# Prop Chatter?



## bermuda (Aug 22, 2010)

Don't know what causes it but you will experience it if you buy a new suzuki 25/30 and install a stainless prop - its a real loud banging noise coming from your lower unit. Does not sound good.


----------



## Pudldux (Mar 3, 2016)

Curious also. Suzuki 60 has chatter when motor just engaged any throttle thereafter and it's gone. Weird!


----------



## RunningOnEmpty (Jun 20, 2015)

It's caused from the clutch dog going in and out of engagement. 2 strokes fire on every stroke and it holds the gear mesh tight vs the 4 stroke that fires every other stroke. I bought a brand new suzuki and sold it after giving up on running a stainless prop. The bigger and heavier the prop the worse it gets. The little 25/30hp suzuki takes a 40/50hp sized prop and the gear case just can't handle it. The prop manufactures have developed new cushioned hubs that eliminate the chatter on the big 4 strokes.


----------



## RunningOnEmpty (Jun 20, 2015)

bermuda said:


> Don't know what causes it but you will experience it if you buy a new suzuki 25/30 and install a stainless prop - its a real loud banging noise coming from your lower unit. Does not sound good.


It does sound awful and there's no way in hell it's not doing damage over time. I think suzuki really screwed up on this one. My local dealers response was enough to make me think twice about purchasing another suzuki in the future.


----------



## No Bait / Lures Only (Apr 10, 2011)

RunningOnEmpty said:


> It does sound awful and there's no way in hell it's not doing damage over time. I think suzuki really screwed up on this one. My local dealers response was enough to make me think twice about purchasing another suzuki in the future.


I know what 4 stroke I won't be buying...........


----------



## bermuda (Aug 22, 2010)

The Suzuki's are good motors but at a minimum they should disclose the fact that you can't upgrade to a stainless prop.


----------



## RunningOnEmpty (Jun 20, 2015)

No Bait / Lures Only said:


> I know what 4 stroke I won't be buying...........

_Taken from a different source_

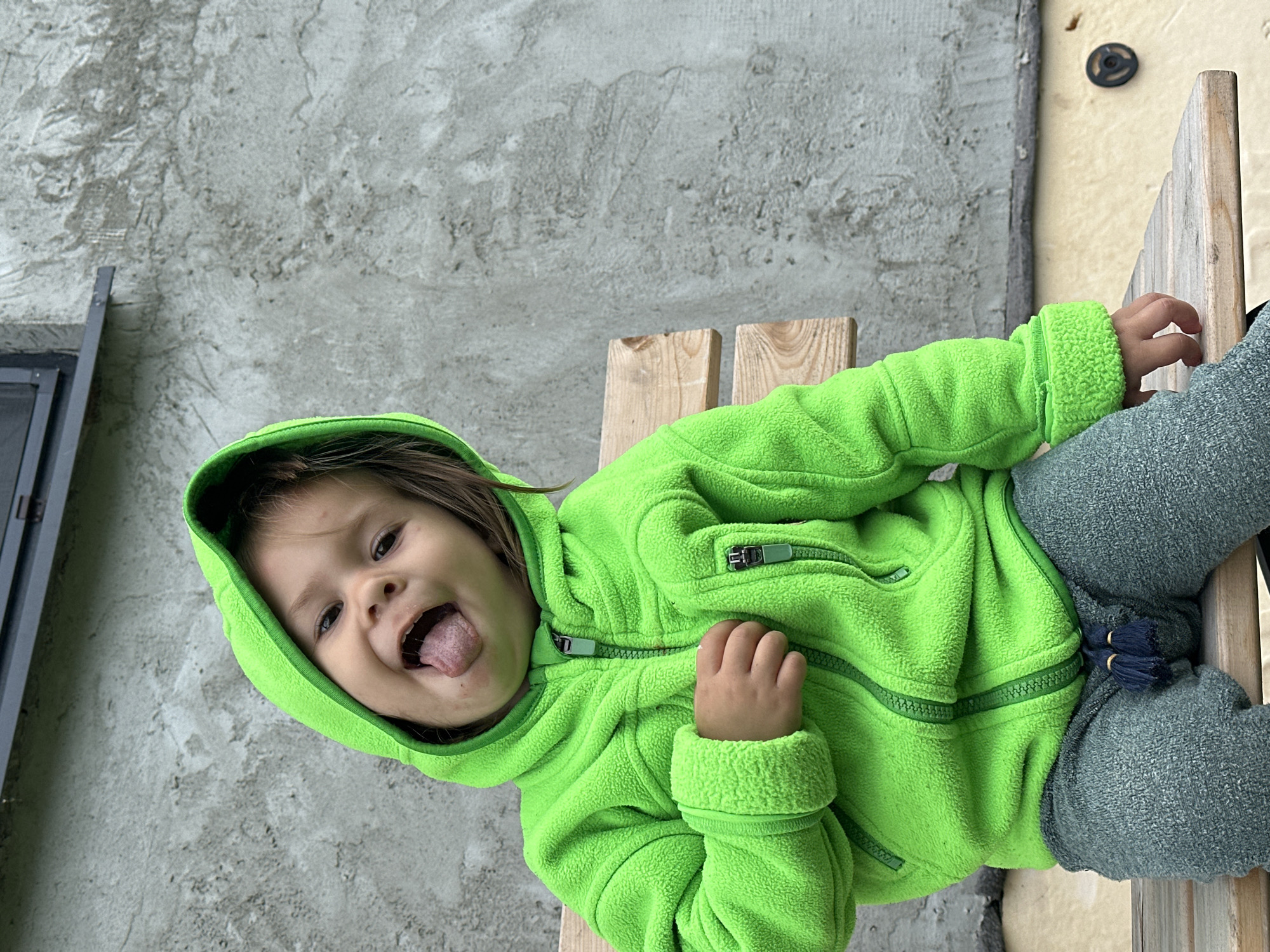 A child wearing a bright green hooded jacket and grey sweatpants sits on a wooden bench. The child is sticking out their tongue and looking at the camera. The background is a rough, grey concrete wall with a dark horizontal band across the top. The scene appears to be outdoors, possibly in a backyard or alleyway. There is no specific indication of the city of Kharnavy, Russia within the image.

I'm not saying Suzuki builds bad motors in general. My old DF25A was a very nice motor that needed a prop hub that's designed for 4 strokes. It's a simple problem to remedy if only the prop manufactures would do it. Powertech mentioned they might be looking into it?


----------



## RunningOnEmpty (Jun 20, 2015)

Pudldux said:


> Curious also. Suzuki 60 has chatter when motor just engaged any throttle thereafter and it's gone. Weird!


At higher rpm's the gear mesh stays tight.


----------